I am having a blue day, no reason so will blame body chemical balance, makes as good a reason as any other one.
Work is going ok, weather has improved, I have gotten some outside work done, finally cleaned out the front north flower bed and moved some day lily shoots there, still a problem finding any plants that will thrive and grow well in that shady corner and will battle the tree roots from the neighbor's tree at that corner.
Jake's sweater is making some progress, and so is the seed I scattered in the back lawn, new grass is coming in and I am hand pulling weeds, a few here, a few there which helps the grass grow.
I need to gather up a load of laundry soon and get it done, need to plan out this Friday's bills to get paid, need to do some cleaning and moving stuff up in the attic so the little love seat has a place to go when I get it paid off Friday and picked up.
I behaved really well with our doll club annual trip down south this past Sunday, gas in the truck, meal out and a small chest of drawers, 2 pair of shoes for Zellie kept my finances in good order, no huge splurges, no putting stuff on my credit card, no buying myself a doll that later I wish I had not put on my credit card.

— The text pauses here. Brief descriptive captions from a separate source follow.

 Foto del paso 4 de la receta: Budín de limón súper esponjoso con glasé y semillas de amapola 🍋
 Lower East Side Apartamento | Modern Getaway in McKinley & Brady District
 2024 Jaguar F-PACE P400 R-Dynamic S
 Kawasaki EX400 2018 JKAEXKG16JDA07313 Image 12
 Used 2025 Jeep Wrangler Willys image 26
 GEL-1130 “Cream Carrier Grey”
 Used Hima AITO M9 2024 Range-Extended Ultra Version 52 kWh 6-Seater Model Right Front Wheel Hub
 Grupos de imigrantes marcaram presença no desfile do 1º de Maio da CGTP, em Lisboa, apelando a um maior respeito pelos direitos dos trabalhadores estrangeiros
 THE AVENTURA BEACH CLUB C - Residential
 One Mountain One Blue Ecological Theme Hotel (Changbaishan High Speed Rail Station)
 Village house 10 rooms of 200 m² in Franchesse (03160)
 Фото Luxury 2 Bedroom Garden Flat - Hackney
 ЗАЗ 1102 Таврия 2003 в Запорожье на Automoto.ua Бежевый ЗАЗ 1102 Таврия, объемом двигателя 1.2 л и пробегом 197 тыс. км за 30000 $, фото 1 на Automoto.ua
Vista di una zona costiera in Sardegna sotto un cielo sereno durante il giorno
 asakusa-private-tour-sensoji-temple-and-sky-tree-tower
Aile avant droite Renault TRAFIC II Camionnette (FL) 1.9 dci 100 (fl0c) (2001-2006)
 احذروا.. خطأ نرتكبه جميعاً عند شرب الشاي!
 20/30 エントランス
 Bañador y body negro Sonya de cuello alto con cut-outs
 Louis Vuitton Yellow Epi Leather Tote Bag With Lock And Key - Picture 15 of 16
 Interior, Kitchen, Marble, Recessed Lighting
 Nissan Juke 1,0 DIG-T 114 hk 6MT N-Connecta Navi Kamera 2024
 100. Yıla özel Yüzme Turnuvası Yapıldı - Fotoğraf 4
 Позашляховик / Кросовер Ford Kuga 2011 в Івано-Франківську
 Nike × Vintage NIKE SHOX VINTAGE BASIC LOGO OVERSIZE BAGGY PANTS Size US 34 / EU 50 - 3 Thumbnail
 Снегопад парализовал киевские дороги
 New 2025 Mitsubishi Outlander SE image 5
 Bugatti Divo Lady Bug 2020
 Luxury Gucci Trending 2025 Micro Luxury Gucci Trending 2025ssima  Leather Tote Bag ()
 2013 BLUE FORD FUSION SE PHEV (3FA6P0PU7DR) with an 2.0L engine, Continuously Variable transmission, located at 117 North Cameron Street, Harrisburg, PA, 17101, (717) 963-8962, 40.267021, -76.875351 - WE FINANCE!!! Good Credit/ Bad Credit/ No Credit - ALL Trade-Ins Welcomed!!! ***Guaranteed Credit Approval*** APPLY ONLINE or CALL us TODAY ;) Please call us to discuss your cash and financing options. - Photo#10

Now, I need to plan out and make Zellie outfits to go with those new shoes, a pair in pink and a pair in green. I have plenty of fabrics so just need to hunt through the stash.
Think I have managed to drop a couple of pounds, not very many but enough that work pants are not as snug and I am feeling more healthy, most of the time, being a bit more active. And today is the first day in several weeks that I woke up feeling stressed and blue. So, I know, despite today's moodiness, I have made good progress and life is stable for me.